Re: PostgreSQL 8.0.6 crash

From: Rick Gigger <rick(at)alpinenetworking(dot)com>
To: "Mark Woodward" <pgsql(at)mohawksoft(dot)com>
Cc: "Jim C(dot) Nasby" <jnasby(at)pervasive(dot)com>, "Tom Lane" <tgl(at)sss(dot)pgh(dot)pa(dot)us>, pgsql-hackers(at)postgresql(dot)org
Subject: Re: PostgreSQL 8.0.6 crash
Date: 2006-02-10 00:30:17
Message-ID: 972FEDD4-E9F1-4C89-8110-60056A4CCCC7@alpinenetworking.com
Views: Raw Message | Whole Thread | Download mbox | Resend email
Thread:
Lists: pgsql-hackers


On Feb 9, 2006, at 12:49 PM, Mark Woodward wrote:

>> On Thu, Feb 09, 2006 at 02:03:41PM -0500, Mark Woodward wrote:
>>>> "Mark Woodward" <pgsql(at)mohawksoft(dot)com> writes:
>>>>> Again, regardless of OS used, hashagg will exceed "working
>>>>> memory" as
>>>>> defined in postgresql.conf.
>>>>
>>>> So? If you've got OOM kill enabled, it can zap a process
>>>> whether it's
>>>> strictly adhered to work_mem or not. The OOM killer is entirely
>>> capable
>>>> of choosing a victim process whose memory footprint hasn't changed
>>>> materially since it started (eg, the postmaster).
>>>
>>> Sorry, I must strongly disagree here. The postgresql.conf
>>> "working mem"
>>> is
>>> a VERY IMPORTANT setting, it is intended to limit the consumption of
>>> memory by the postgresql process. Often times PostgreSQL will
>>> work along
>>
>> Actually, no, it's not designed for that at all.
>
> I guess that's a matter of opinion.
>
>>
>>> side other application servers on the same system, infact, may be a
>>> sub-part of application servers on the same system. (This is, in
>>> fact,
>>> how
>>> it is used on one of my site servers.)
>>>
>>> Clearly, if the server will use 1000 times this number (Set for
>>> 1024K,
>>> but
>>> exceeds 1G) this is broken, and it may cause other systems to
>>> fail or
>>> perform very poorly.
>>>
>>> If it is not something that can be fixed, it should be clearly
>>> documented.
>>
>> work_mem (integer)
>>
>> Specifies the amount of memory to be used by internal sort
>> operations and hash tables before switching to temporary disk
>> files.
>> The value is specified in kilobytes, and defaults to 1024
>> kilobytes
>> (1 MB). Note that for a complex query, several sort or hash
>> operations might be running in parallel; each one will be
>> allowed to
>> use as much memory as this value specifies before it starts to
>> put
>> data into temporary files. Also, several running sessions
>> could be
>> doing such operations concurrently. So the total memory used
>> could
>> be many times the value of work_mem; it is necessary to keep this
>> fact in mind when choosing the value. Sort operations are used
>> for
>> ORDER BY, DISTINCT, and merge joins. Hash tables are used in hash
>> joins, hash-based aggregation, and hash-based processing of IN
>> subqueries.
>>
>> So it says right there that it's very easy to exceed work_mem by a
>> very
>> large amount. Granted, this is a very painful problem to deal with
>> and
>> will hopefully be changed at some point, but it's pretty clear as
>> to how
>> this works.
>
> Well, if you read that paragraph carefully, I'll admit that I was a
> little
> too literal in my statement apliying it to the "process" and not
> specific
> functions within the process, but in the documentation:
>
> "each one will be allowed to use as much memory as this value
> specifies
> before it starts to put data into temporary files."
>
> According to the documentation the behavior of hashagg is broken.
> It did
> not use up to this amount and then start to use temporary files, it
> used
> 1000 times this limit and was killed by the OS.
>
> I think it should be documented as the behavior is unpredictable.

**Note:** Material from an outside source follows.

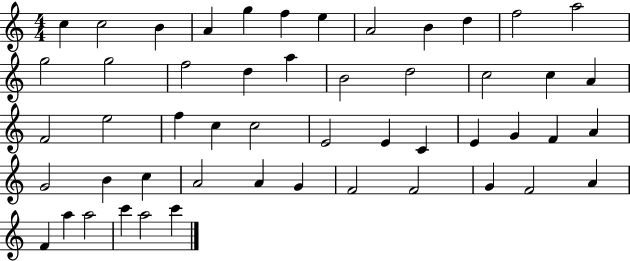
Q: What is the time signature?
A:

It seems to me that the solution for THIS INCIDENT is to run an
analyze. That should fix the problem at hand. I have nothing to say
about the OOM issue except that hopefully the analyze will prevent
him from running out of memory at all.

However if hashagg truly does not obey the limit that is supposed to
be imposed by work_mem then it really ought to be documented. Is
there a misunderstanding here and it really does obey it? Or is
hashagg an exception but the other work_mem associated operations
work fine? Or is it possible for them all to go out of bounds?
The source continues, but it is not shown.